_Problem_: From the first line down to the line containing "Oxford Stomp Nylon Flat Pedals Blue", print the records below exactly, leaving every picture out.

Extracted data entries
+ + + + + + +
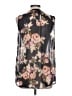 Daniel Rainn 100% Polyester Black Sleeveless Blouse Size L - photo 2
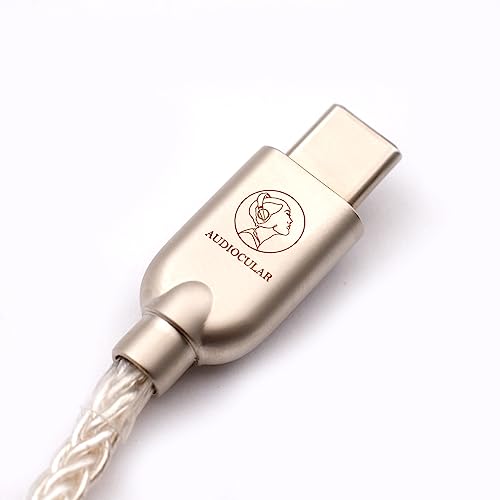 Image of Concept Kart AUDIOCULAR CS-Pro CS46L41 Headphone Audio DAC & Amp Adapter for IEM Earphone,Male Type-C to Female 3.5mm,PCM 32b /384kHz,DSB64 /128-Amplifier Compatible with Huawei,Xiaomi,OPPO,VIVO,OnePlus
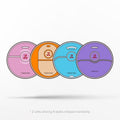 Roborock 2 Pcs Brooches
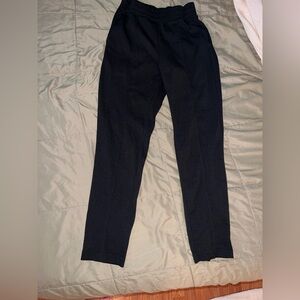 Casual Black Pants - Elastic Waist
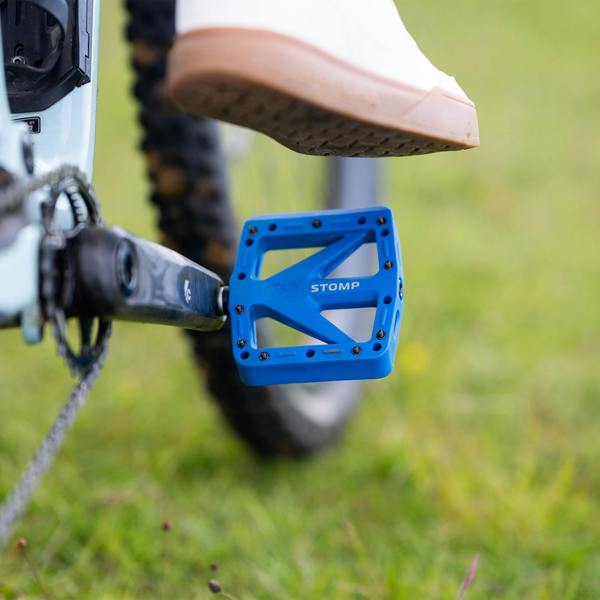 Oxford Stomp Nylon Flat Pedals Blue
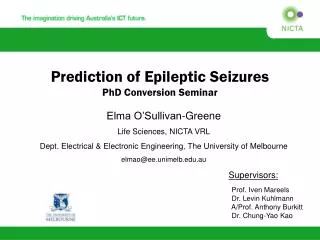 Prediction of Epileptic Seizures PhD Conversion Seminar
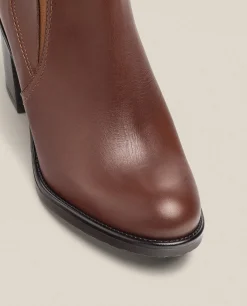 Heeled Ankle Boot ORNE-002 Brown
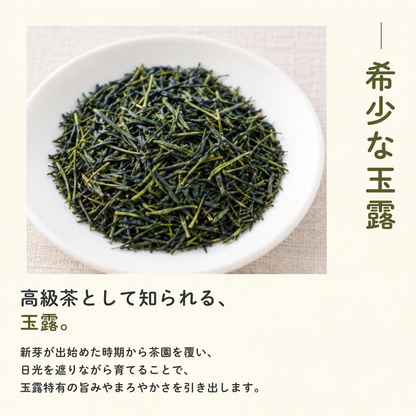 健康菜茶 玉露茎ほうじ茶 京都宇治 高級 玉露くき茶使用 100g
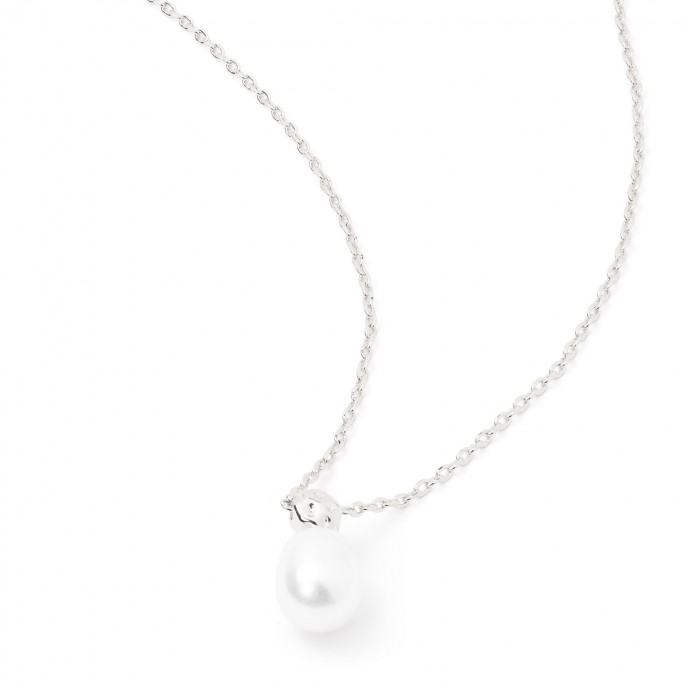 COLLAR DE METL CON PERLA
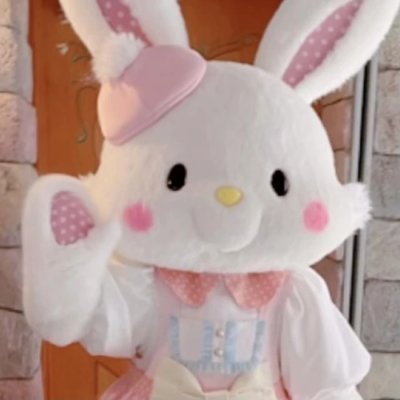 微信可爱玩偶兔子头像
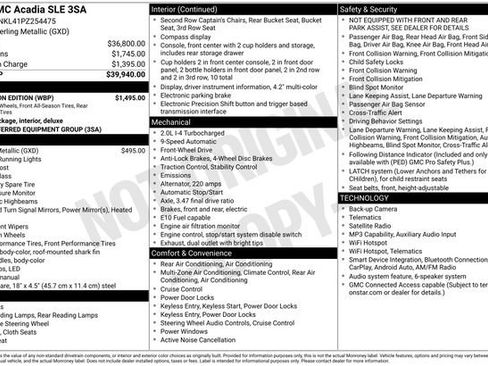 Used 2023 GMC Acadia SLE w/ Elevation Edition FWD image 7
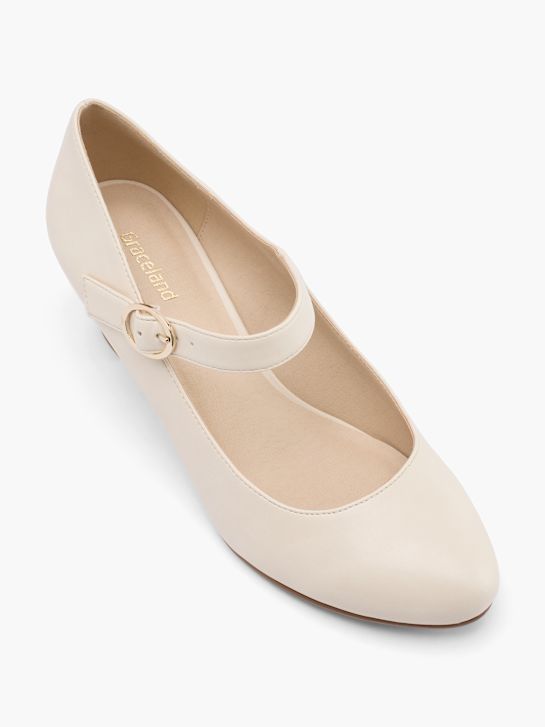 Graceland Spangenpumps Offwhite 60965 2
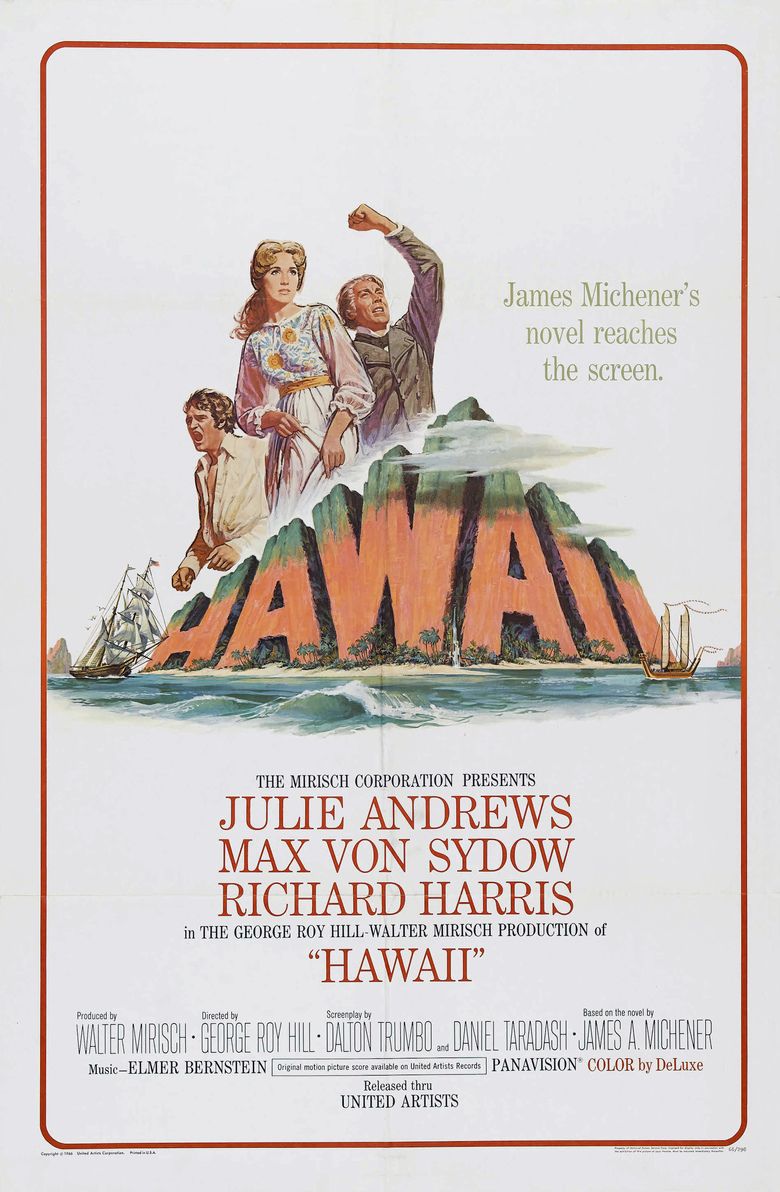 Hawaii (1966 film) movie poster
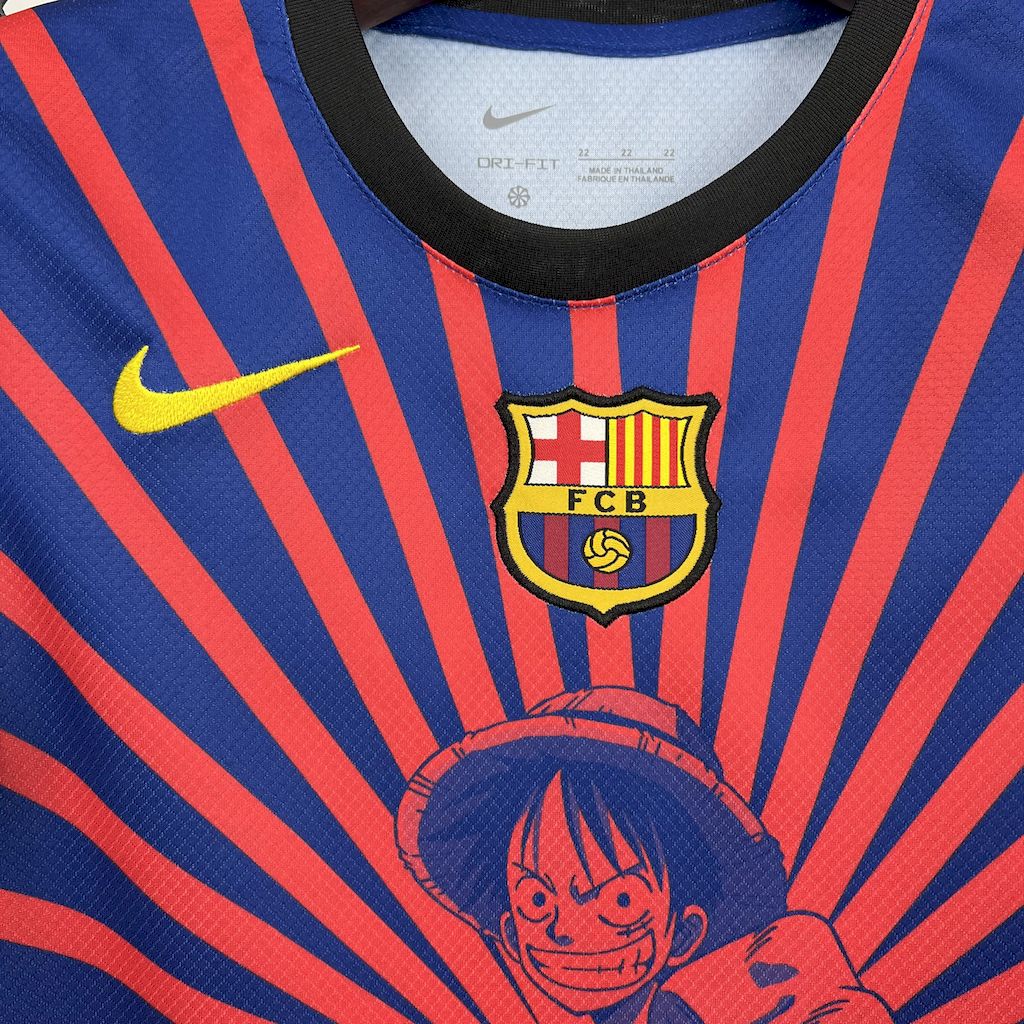 New Conjunto Niño FC Barcelona X One Piece Special Edition 25/26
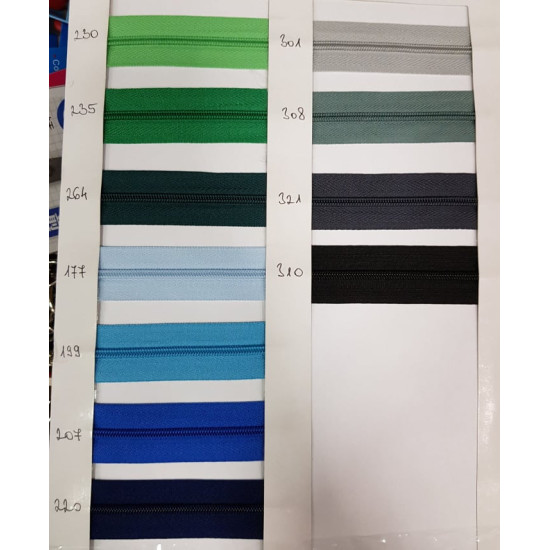  Nem bontható vékony cipzár 16cm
+ + + + + + +
_Answer to the exercise_:
 Daniel Rainn 100% Polyester Black Sleeveless Blouse Size L - photo 2
 Image of Concept Kart AUDIOCULAR CS-Pro CS46L41 Headphone Audio DAC & Amp Adapter for IEM Earphone,Male Type-C to Female 3.5mm,PCM 32b /384kHz,DSB64 /128-Amplifier Compatible with Huawei,Xiaomi,OPPO,VIVO,OnePlus
 Roborock 2 Pcs Brooches
 Casual Black Pants - Elastic Waist
 Oxford Stomp Nylon Flat Pedals Blue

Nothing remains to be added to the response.